Next: 8.7 Performance Issues Up: 8 Message Passing Interface Previous: 8.5 Modularity

8.6 Other MPI Features

In this section, we discuss MPI's derived datatype mechanism. We also list MPI features not covered in this book.

8.6.1 Derived Datatypes

In earlier sections of this chapter, MPI routines have been used to communicate simple datatypes, such as integers and reals, or arrays of these types. The final set of MPI functions that we describe implements derived types, a mechanism allowing noncontiguous data elements to be grouped together in a message. This mechanism permits us to avoid data copy operations. Without it, the sending of a row of a two-dimensional array stored by columns would require that these noncontiguous elements be copied into a buffer before being sent.

Figure 8.12: MPI derived datatype functions.
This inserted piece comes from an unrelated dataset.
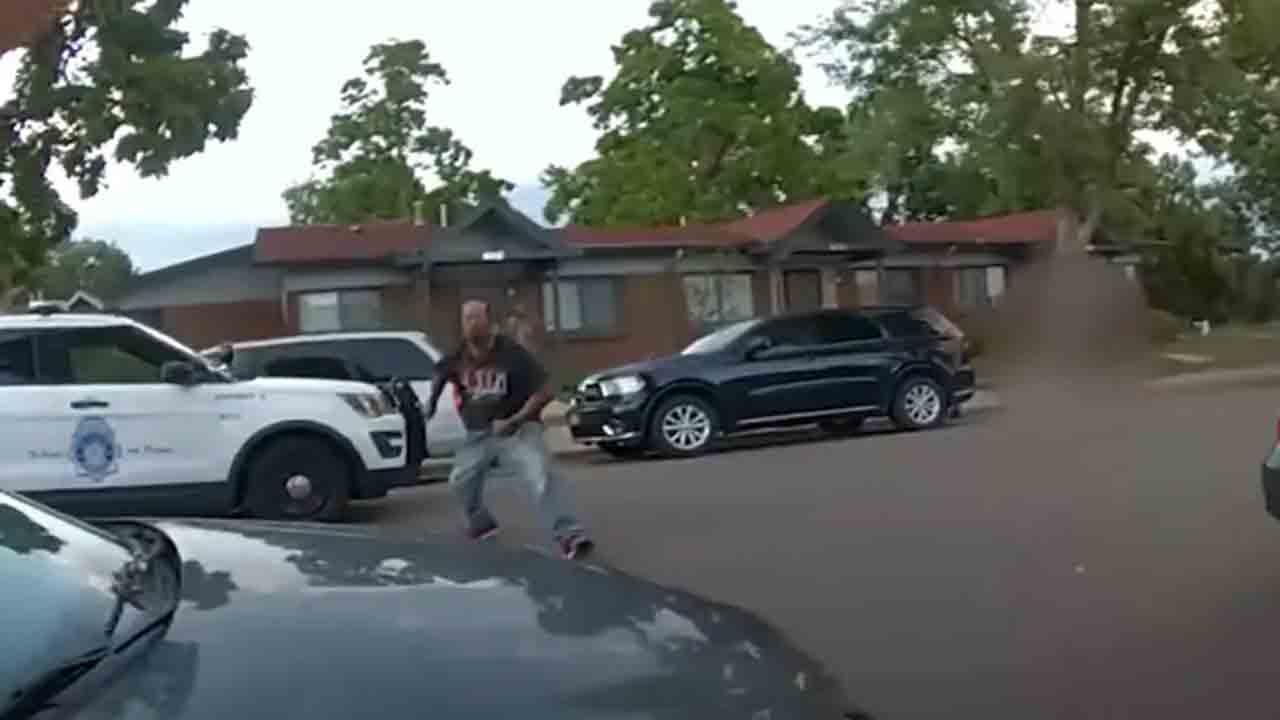 Watch: మార్కర్‌ పెన్నును కత్తిగా పొరపడిన మహిళా పోలీస్‌.. కాల్పుల్లో వ్యక్తి మృతి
Three sets of functions are applied for manipulating derived types. Derived datatypes are constructed by applying constructor functions to simple or derived types; we describe three constructor functions MPI_TYPE_CONTIGUOUS, MPI_TYPE_VECTOR, and MPI_TYPE_INDEXED. The commit function, MPI_TYPE_COMMIT, must be applied to a derived type before it can be used in a communication operation. Finally, the free function, MPI_TYPE_FREE, should be applied to a derived type after use, in order to reclaim storage. These functions are summarized in Figure 8.12.
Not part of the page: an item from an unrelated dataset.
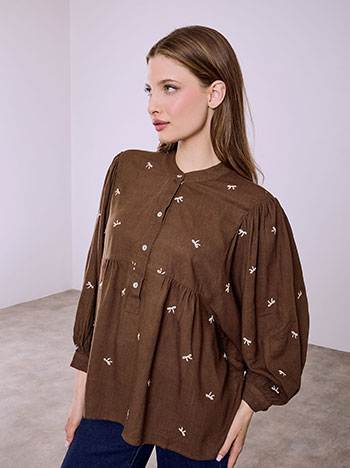 Μπλούζα με κεντητά φιογκάκια SQ9844.4083+2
The constructor MPI_TYPE_CONTIGUOUS is used to define a type comprising one or more contiguous data elements. A call of the form MPI_TYPE_CONTIGUOUS(count, oldtype, newtype)
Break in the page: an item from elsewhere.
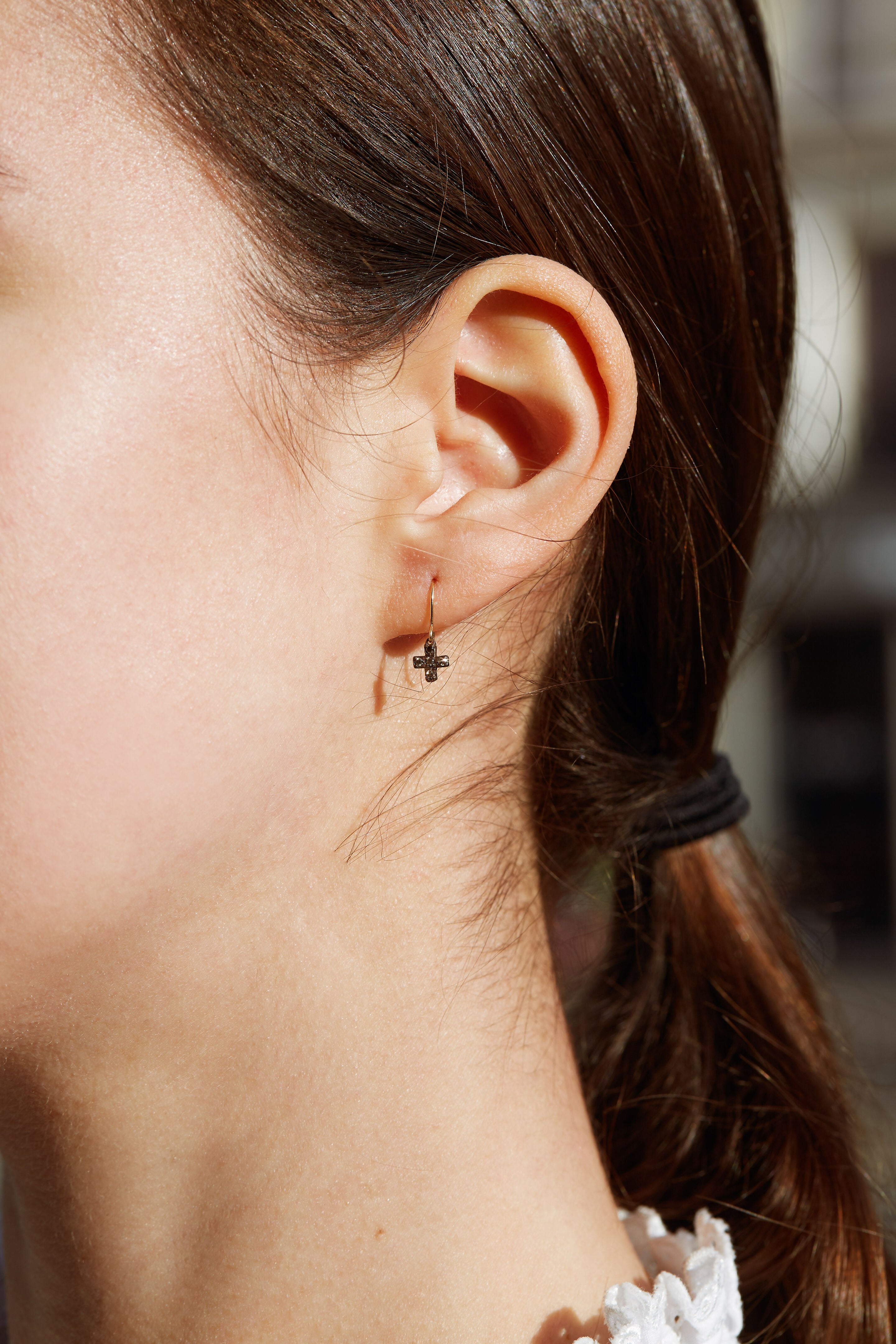 Boucle d'oreille single Cross or oxydé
defines a derived type newtype comprising count consecutive occurrences of datatype oldtype. For example, the sequence of calls

   call MPI_TYPE_CONTIGUOUS(10, MPI_REAL, tenrealtype, ierr)
   call MPI_TYPE_COMMIT(tenrealtype, ierr)
   call MPI_SEND(data, 1, tenrealtype, dest, tag,
  $              MPI_COMM_WORLD, ierr)
   CALL MPI_TYPE_FREE(tenrealtype, ierr)

is equivalent to the following single call.

   call MPI_SEND(data, 10, MPI_REAL, dest, tag,
  $              MPI_COMM_WORLD, ierr)

Both code fragments send a sequence of ten contiguous real values at location data to process dest.

The constructor MPI_TYPE_VECTOR is used to define a type comprising one or more blocks of data elements separated by a constant stride in an array. A call of the form

MPI_TYPE_VECTOR(count, blocklen, stride, oldtype, newtype)

defines a derived type newtype comprising count consecutive blocks of data elements with datatype oldtype, with each block containing blocklen data elements, and the start of successive blocks separated by stride data elements. For example, the sequence of calls

  float data[1024];
  MPI_Datatype floattype;
  MPI_Type_vector(10, 1, 32, MPI_FLOAT, &floattype);
  MPI_Type_commit(&floattype);
  MPI_Send(data, 1, floattype, dest, tag, MPI_COMM_WORLD);
  MPI_Type_free(&floattype);

is equivalent to the following code.

  float data[1024], buff[10];
  for (i=0; i<10; i++) buff[i] = data[i*32];
  MPI_Send(buff, 10, MPI_FLOAT, dest, tag, MPI_COMM_WORLD);

Both send ten floating-point numbers from locations data[0], data[32],..., data[288].

Example . Finite Difference Stencil:

Program 8.8 uses derived types to communicate the north and south rows and the west and east columns of a Fortran array. As illustrated in Figure 8.13, a column of this array is stored in contiguous locations and can be accessed by using a contiguous derived type. On the other hand, row i of this array (comprising elements array( i ,1), ( i ,2), ... , ( i ,6)) is located in elements i , i +4, ..., i +20. As these elements are not stored in contiguous locations, a call to MPI_TYPE_VECTOR is used to define the appropriate type, rowtype.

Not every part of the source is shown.